Avocados also contain various plant-based compounds not shown in the profile, including antioxidants and oleic acid.
Of course, the nutritional details will vary depending on the variety and size of the avocado. Still, the table above offers a good general guideline.
Types of Avocados
Like most fruit, there are dozens of individual varieties of avocado. For avocados, these fall into two categories, A-type and B-type, depending on the flowers that they are produced from.
The list below shows some key examples.
- Hass avocados. This is an A-type variety and the most common type of avocado. The skin is bumpy and thick, making the avocado easy to peel. Hass avocados are green when unripe and dark purple when ripe. Their flesh is light green and packed with flavor.
- Lula avocados. These avocados are also A-type. They tend to have large seeds, while the skin is smooth and dark.
- Pinkerton avocados. These A-type avocados have green skin and pale green flesh. The fruit is longer than Hass avocados and the seed is smaller. The flesh flavor is nutty.
- Bacon avocados. This variety is B-type and was named after a farmer. The avocados have bright yellow flesh, along with green freckled skin.
- Fuerte avocados. These avocados are mostly grown in Mexico. They’re a hybrid variety, a cross between Mexico and Guatemala avocados. The avocados are B-type, elongated and have green skin. The skin is easily removed and the flesh has a somewhat nutty flavor.
In most cases, you’ll be buying Hass avocados. But, the other varieties can be interesting too. The list above only covers a small selection of the types, there are many others available. The site Oola offers details about many of these, as does Fine Dining Lovers.
Why Eat Avocados?
There are plenty of great reasons to include avocados in your diet regularly.

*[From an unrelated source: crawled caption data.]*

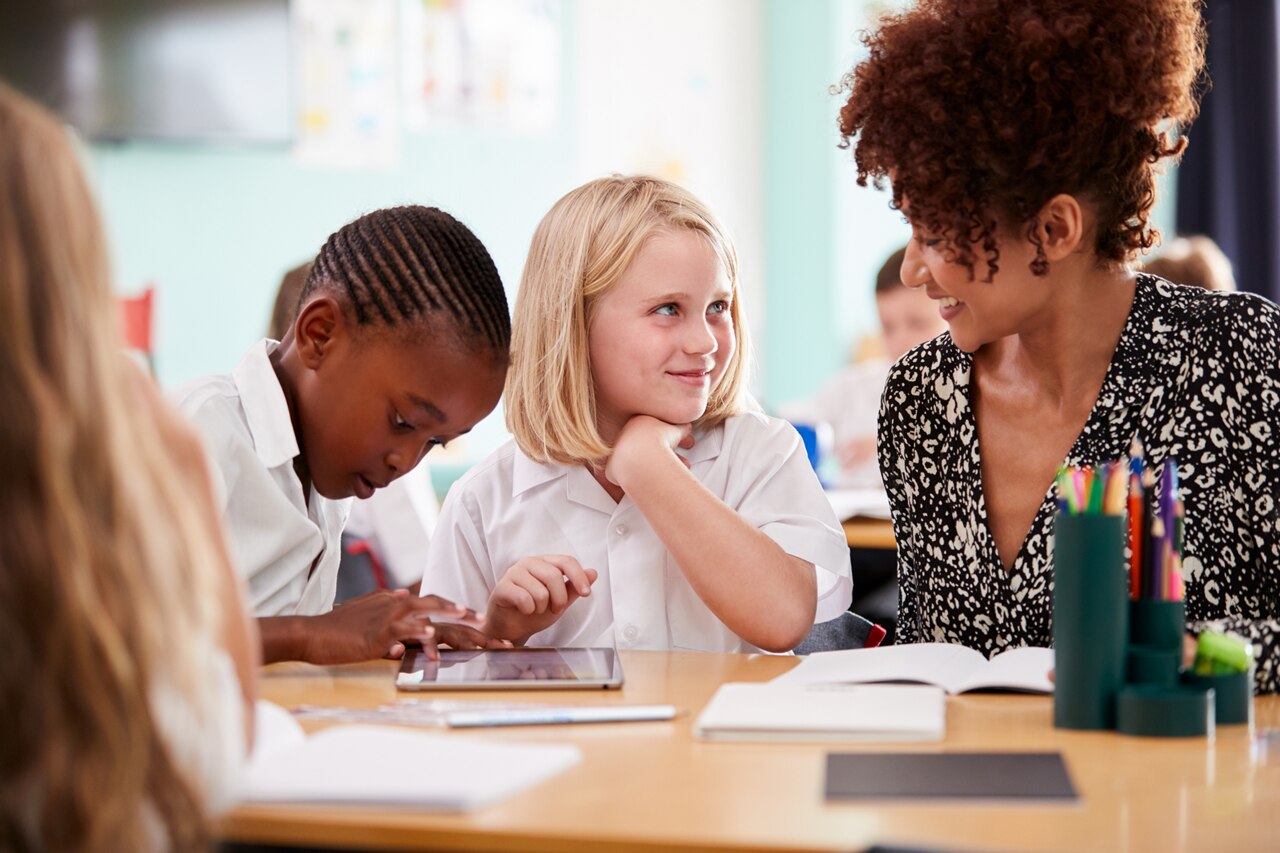 A female teacher talking to two pupils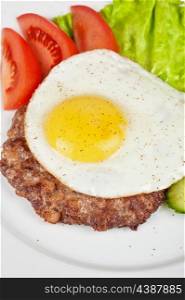 steak beef meat with fried egg, tomato, cucumbers and salad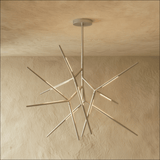 The same radiating form in chrome, each arm tipped with a lit segment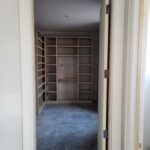 Custom built-in closet shelving with face-frame cubbies, primed door frame, ready for paint.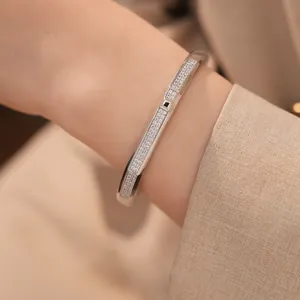 Close-up of elegant 18K white gold plated bangle with pave-set cubic zirconia on wrist.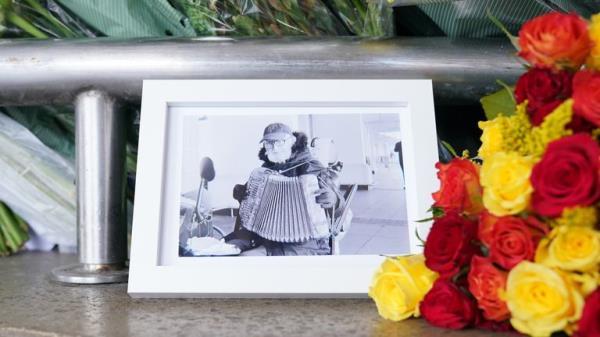 A picture of Thomas O'Halloran left amongst floral tributes outside Perivale Tesco, Greenford, where the 87-year-old, who was fatally stabbed in Greenford, west London on Tuesday, used to play his accordion. Picture date: Friday August 19, 2022.

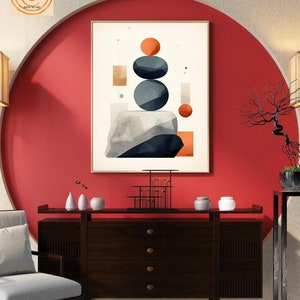 May include: Abstract geometric wall art print with a red, orange, gray, and white color scheme. The print features a stack of three gray circles, a red circle, and a few rectangles. The print is framed and hanging on a red wall.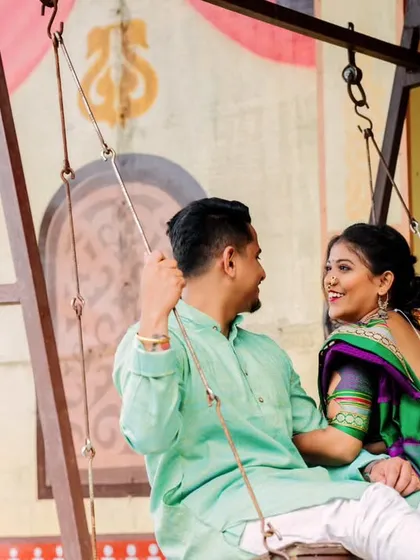 A playful and happy moment on the swing. This candid shot captures their joyful interaction, bringing life and energy to this traditional pre-wedding photoshoot.
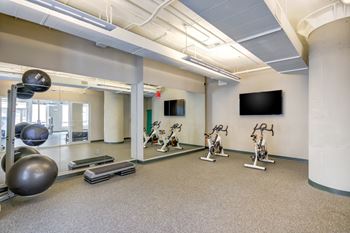 A gym with a mirror, exercise bikes, and a television.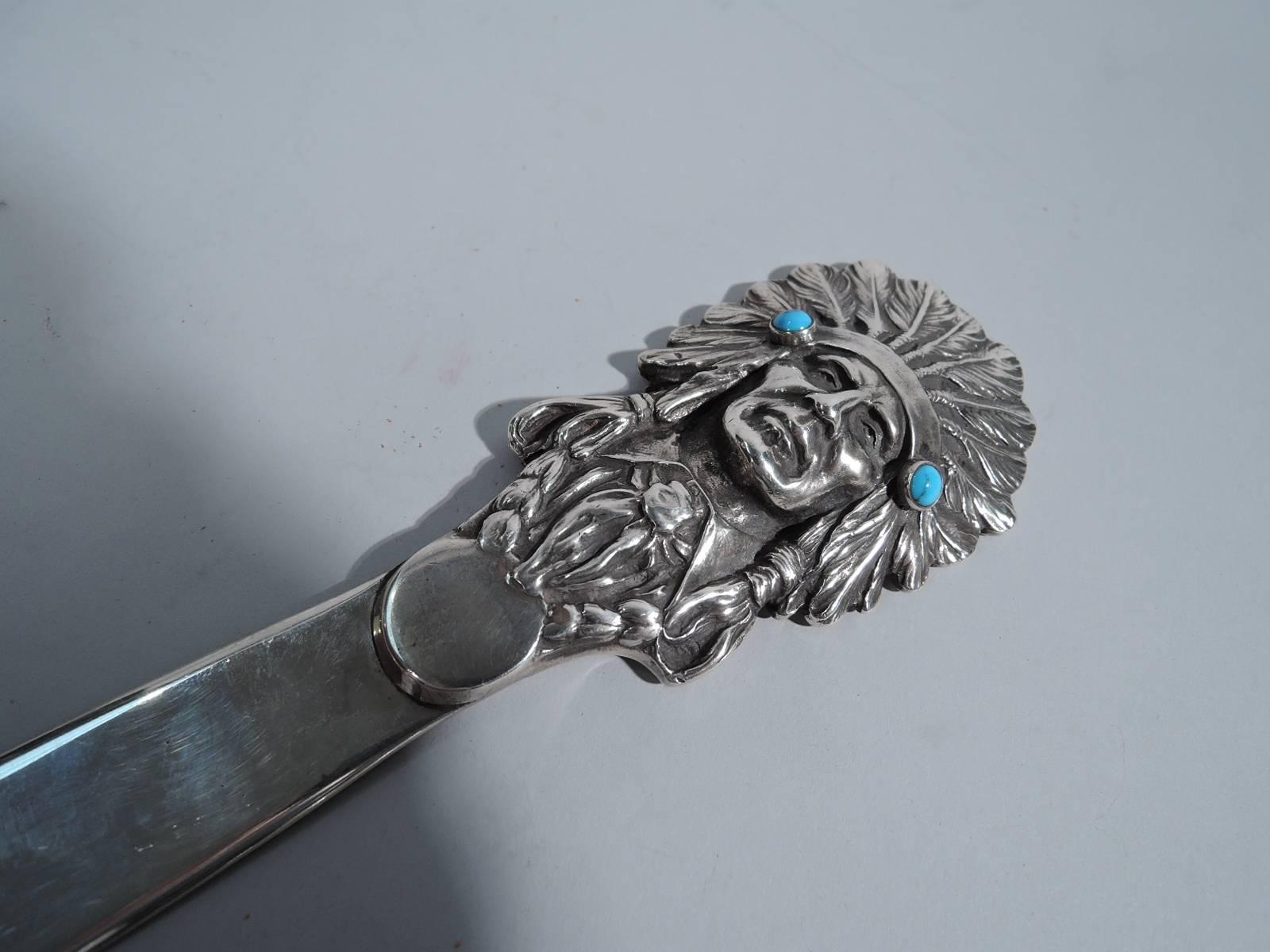Western sterling silver letter opener. Made by Edward H Bohlin in Hollywood, circa 1930. Cast Indian Chief terminal with feathered headdress embellished with cabochon turquoise beads. On back interlaced script monogram. A great piece by Bohlin, who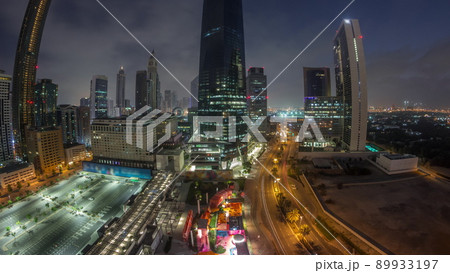 Panorama of Dubai International Financial district aerial night to day timelapse. View of business office towers. 89933197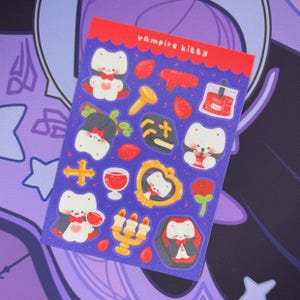 May include: A sticker sheet with a purple background, featuring various vampire-themed illustrations. The stickers depict a cartoon cat in a vampire costume, crosses, and other spooky elements. The text "vampire kitty" is printed at the top.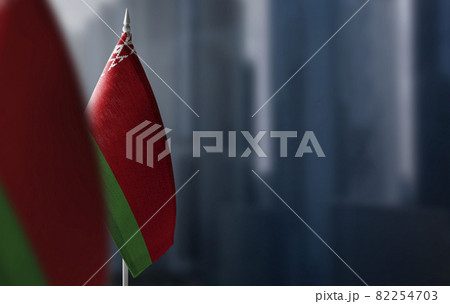 Small flags of Belarus on a blurry background of the city Small flags of Belarus on a blurry background of the city 82254703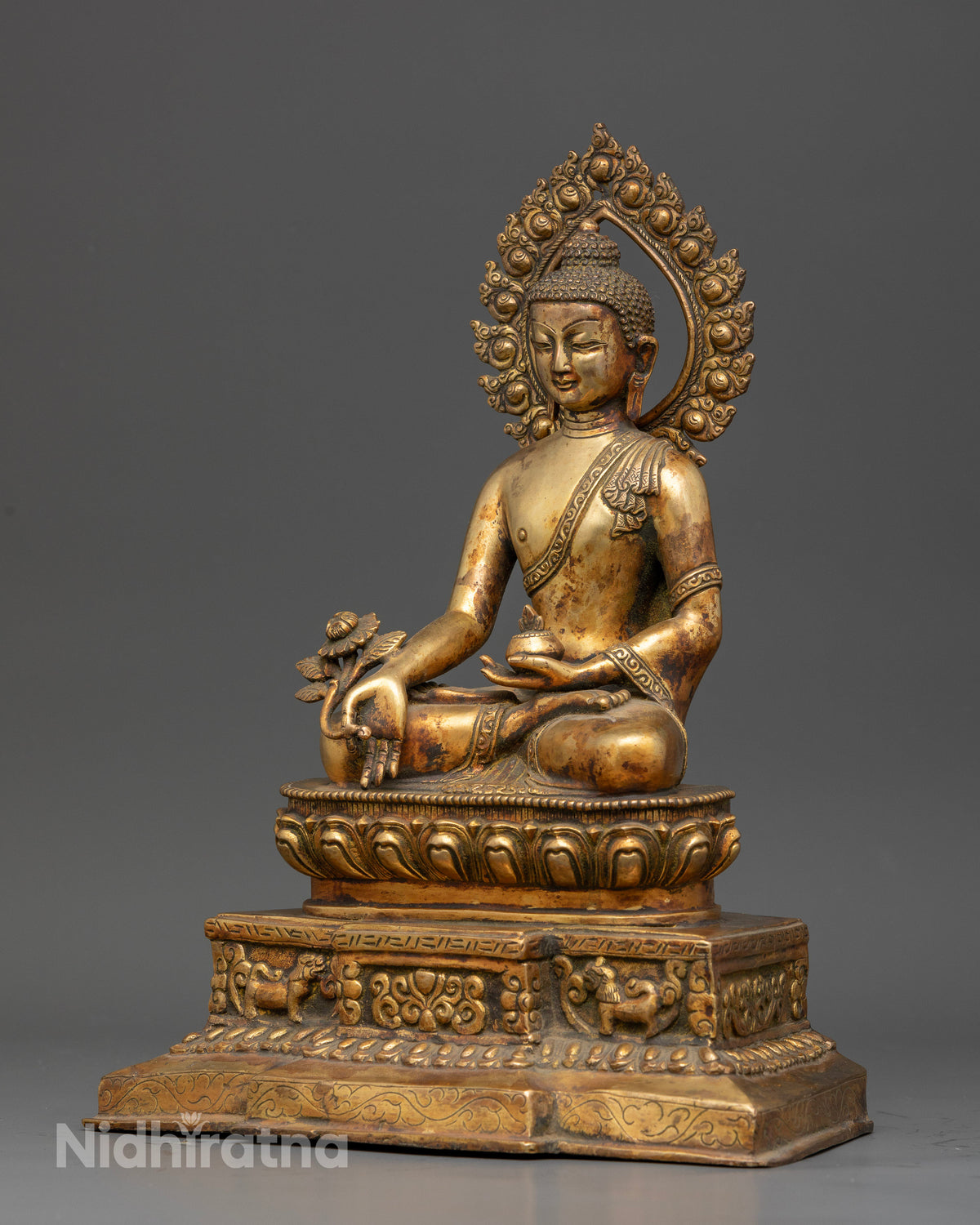 Medicine buddha seated on celestial throne with snow lion engravings.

Low in Carbs, High in Healthy Fats
Avocados are a great source of healthy fats, with a whole avocado containing around 21 grams of fat.
The fruit is high in monounsaturated fat. As Mercola explains, this can help decrease LDL cholesterol levels (the bad cholesterol) and increase HDL cholesterol (the good cholesterol).
Low in Sugar
A whole avocado just has 0.4 grams of sugar (3). This is ideal for anyone trying to decrease their sugar intake.
Perfect for Many Diets
The low carb nature of avocados means they work well for a low carb and keto diets. This includes approaches like Atkins too. In fact, avocados have a perfect macronutrient distribution for keto – one reason why they’re so popular on that diet.
Avocados are considered paleo as well. Many paleo sites even host collections of paleo avocado recipes. Paleohacks and PaleoGrubs are two examples of this pattern. The fruit is suitable for Whole30 too.
You’ll also find avocados on immune-focused diets, like AIP and GAPS. You can even enjoy avocados on a low-fat diet, as long as you watch your portion size.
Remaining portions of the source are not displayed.